Let us understand the working of the pseudocode better through an example:
Code
- C/C++
- Java
- Python
import java.util.*;
class ShortestPathMaze
{
static int ROW = 5;
static int COL = 5;
// To store cell cordinates
static class Cell
{
int x;
int y;
public Cell(int x, int y)
{
this.x = x;
this.y = y;
}
};
// Declaring Queue to be used in BFS
static class queueNode
{
Cell pt; // Cell cordinates
int dist; // Cell's distance of from the source
public queueNode(Cell pt, int dist)
{
this.pt = pt;
this.dist = dist;
}
};
// Check whether given cell(row,col) is a valid cell or not
static boolean checkValid(int row, int col)
{
return ((row >= 0) && (row < ROW) && (col >= 0) && (col < COL));
}
// These arrays show the 4 possible movement from a cell
static int rowNum[] = {-1, 0, 0, 1};
static int colNum[] = {0, -1, 1, 0};
// Function to find the shortest path between source cell and destination cell
static int bfsLee(int mat[][], Cell src, Cell dest)
{
// Checking if source and destination cell have value 1
if (mat[src.x][src.y] != 1 || mat[dest.x][dest.y] != 1)
return -1;
boolean [][]visited = new boolean[ROW][COL];
// Mark the source cell as visited
visited[src.x][src.y] = true;
// Create a queue for BFS
Queue<queueNode> q = new LinkedList<>();
// Distance of source cell is 0
queueNode s = new queueNode(src, 0);
q.add(s); // Enqueue source cell
// Performing BFS starting from source cell
while (!q.isEmpty())
{
queueNode curr = q.peek();
Cell pt = curr.pt;
// If we have reached the destination cell, return the final distance
if (pt.x == dest.x && pt.y == dest.y)
return curr.dist;
q.remove();
// Otherwise enqueue its adjacent cells with value 1
for (int i = 0; i < 4; i++)
{
int row = pt.x + rowNum[i];
int col = pt.y + colNum[i];
// Enqueue valid adjacent cell that is not visited
if (checkValid(row, col) &&
mat[row][col] == 1 &&
!visited[row][col])
{
visited[row][col] = true;
queueNode Adjcell = new queueNode
(new Cell(row, col),
curr.dist + 1 );
q.add(Adjcell);
}
}
}
// Return -1 if destination cannot be reached
return -1;
}
// Driver Code
public static void main(String[] args)
{
int mat[][] = {{ 1, 0, 1, 1, 1 },
{ 1, 0, 1, 0, 1 },
{ 1, 1, 1, 0, 1 },
{ 0, 0, 0, 0, 1 },
{ 1, 1, 1, 0, 1 }};
Cell source = new Cell(0, 0);
Cell dest = new Cell(2, 1);
int dist = bfsLee(mat, source, dest);
if (dist != -1)
System.out.println("Length of the Shortest Path is " + dist);
else
System.out.println("Shortest Path doesn't exist");
}
}
Output:
Length of the Shortest Path is 3
Complexity Analysis
Approach | Time Complexity | Space Complexity |
|---|---|---|
Lee Algorithm to find shortest path in a maze | O(MxN) | O(MxN) |
The above solution traverses each cell of the matrix one by one in a BFS manner until our destination cell is reached or there is no path remaining.
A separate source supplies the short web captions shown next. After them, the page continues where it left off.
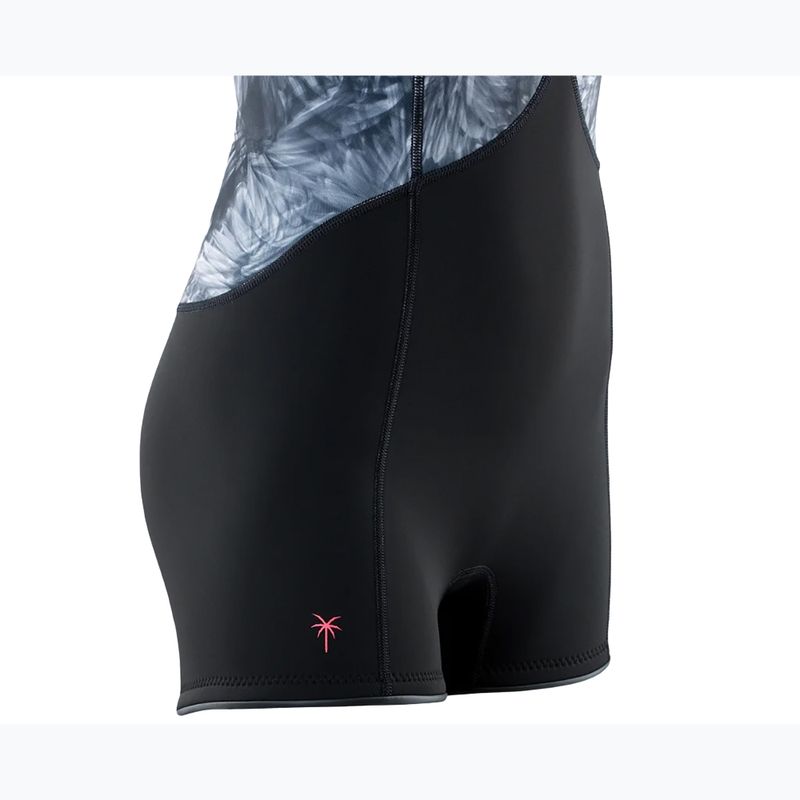 Pianka do pływania damska ION Amaze Shorty 2.0 mm Back Zip black flowers 6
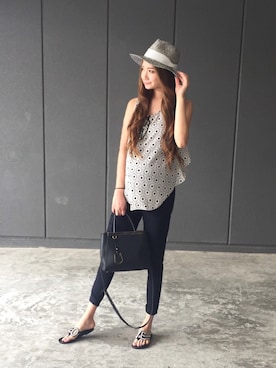 chika Uさん（レディース・164cm）の夏コーディネート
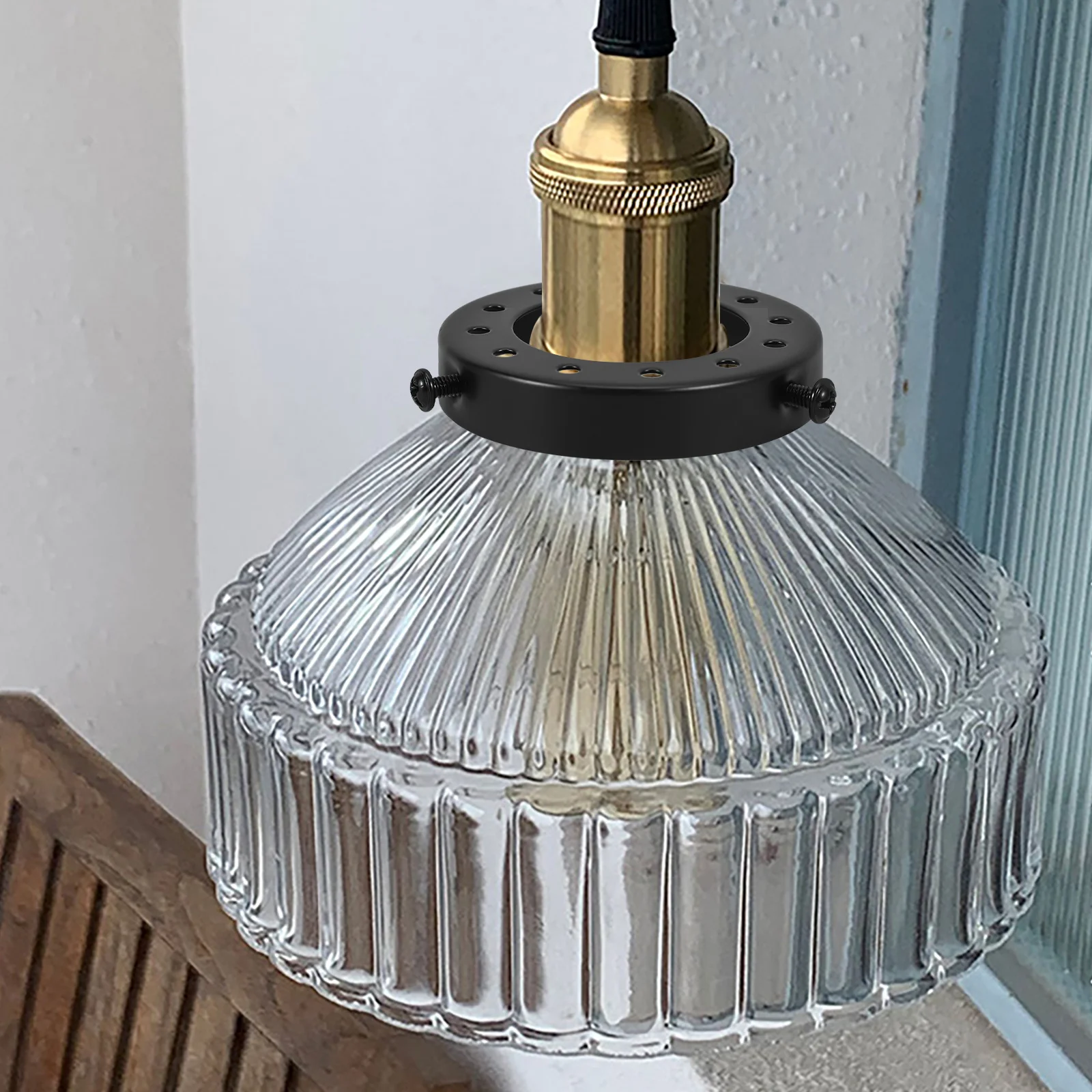 الرجعية قلادة ضوء 3 حفرة حلقة عاكس الضوء محول مادة الحديد دائم تركيب سريع لمصابيح أرضية الطاولة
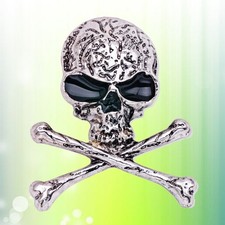 Gothic Skull Brooch Pin Alloy Skeleton Breastpin For Evening Costume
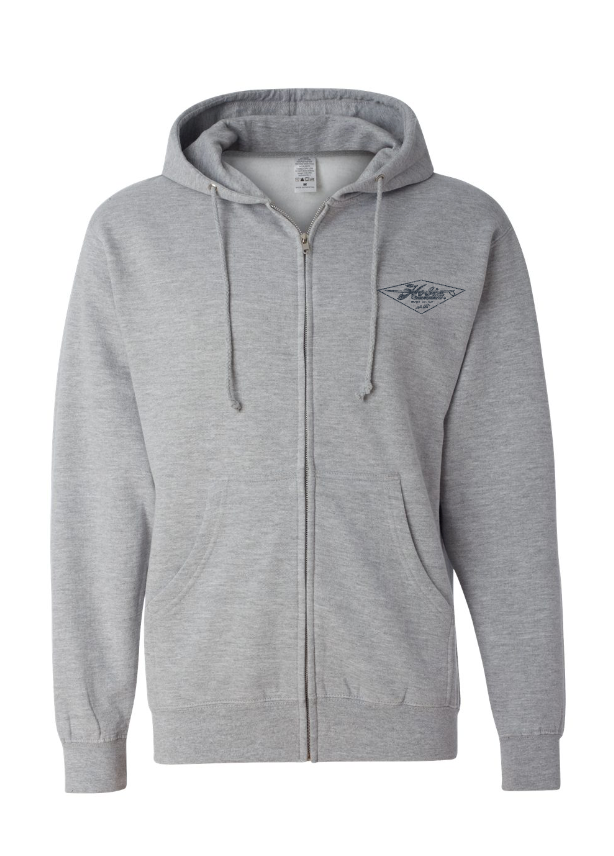 Hobie Retro Diamond Zip Hoodie - Grey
All this process leads to a O(MxN) time complexity where M and N are the dimensions of the matrix. Also, since we require an additional MxN matrix to store the visited status of cells, the space complexity is also O(MxN).
In this way, we have learnt how to find shortest path between two points in a maze using the Lee Algorithm.